File PER_SS.seidenberg_phrase_headplusmod.CORE_SS.seidenberg_core_headplusmod.ppmi.nmf_300.rda
  - peripheral space, containing the corpus-derived vector representations for the noun compounds of the training set
    (in the .rda format for R)
  
File trainingset.txt
  - contains the items used for training the composition methods that require training 
 
Files COMPOSED_SS.XXX.list_to_compose.txt.dm
  - phrase spaces (containing the compositionally derived vector representations for the compounds) for the methods requiring training:
      Weighted Additive (T), Dilation (T), Full Additive, Head as a lexical function (list_to_compose_head), Modifier as a Lexical function (list_to_compose_mod)

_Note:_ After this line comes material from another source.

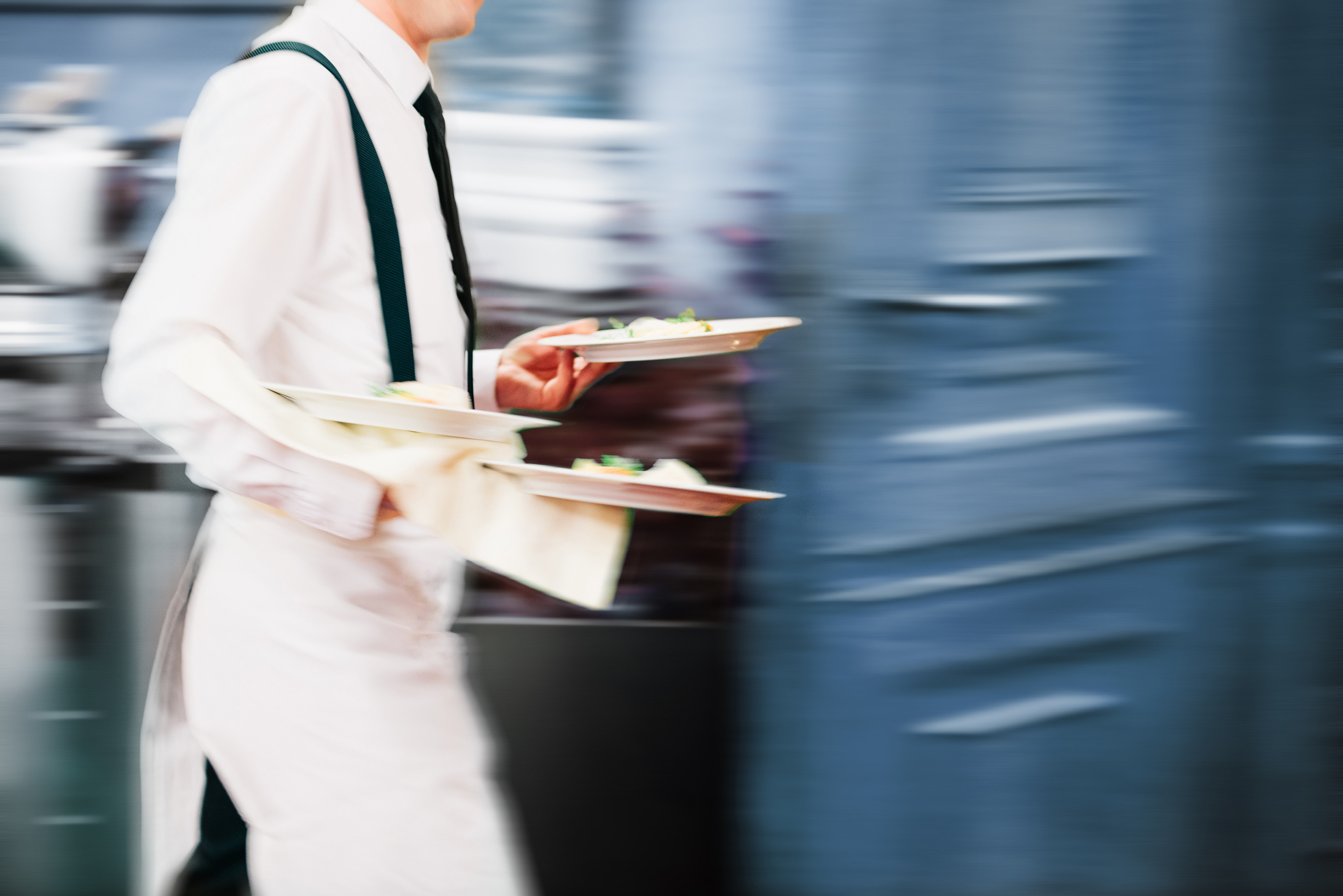 Waiter serving food plates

The corpora employed in this study, from which the co-occurrence counts were collected, can be found here:
   - ukwac:      http://wacky.sslmit.unibo.it/
   - BNC:        http://www.natcorp.ox.ac.uk/
   - Wikipedia:  http://en.wikipedia.org

   
   
#######################################
##### Variables in the data files #####
#######################################

#### Plausibility measures in the data sets:

ndensity   : Neighbourhood Density
stemprox   : Head Proximity
stemprox2  : Modifier Proximity
entropy    : Entropy
nounsim    : Constituent Similarity


#### Other vector-based measures:

length     : Vector Length
variance   : Vector Variance

weedsprec, cosweeds, clarkede, invcl    : Entailment measures (see Kruszewski & Baroni, 2014) with respect to the compound head
weedsprec2, cosweeds2, clarkede2, invcl2: Entailment measures (see Kruszewski & Baroni, 2014) with respect to the compound modifier


#### Other psycholinguistic measures

"logfreq_mod":        SUBTLEX log-frequency for the modifier
"logfreq_stem":       SUBTLEX log-frequency for the head
"logfreq_bigram":     SUBTLEX log-frequency for the modifier-head pair
"logfreq_bigram_rev": SUBTLEX log-frequency for the head-modifier pair (i.e. the modifier-head pair in reversed order)

"pmi":                Pointwise Mutual Information for the modifier-head pair


#### Other variables:

For the remaining variables, see the original study by Graves, Binder, & Seidenberg (2013)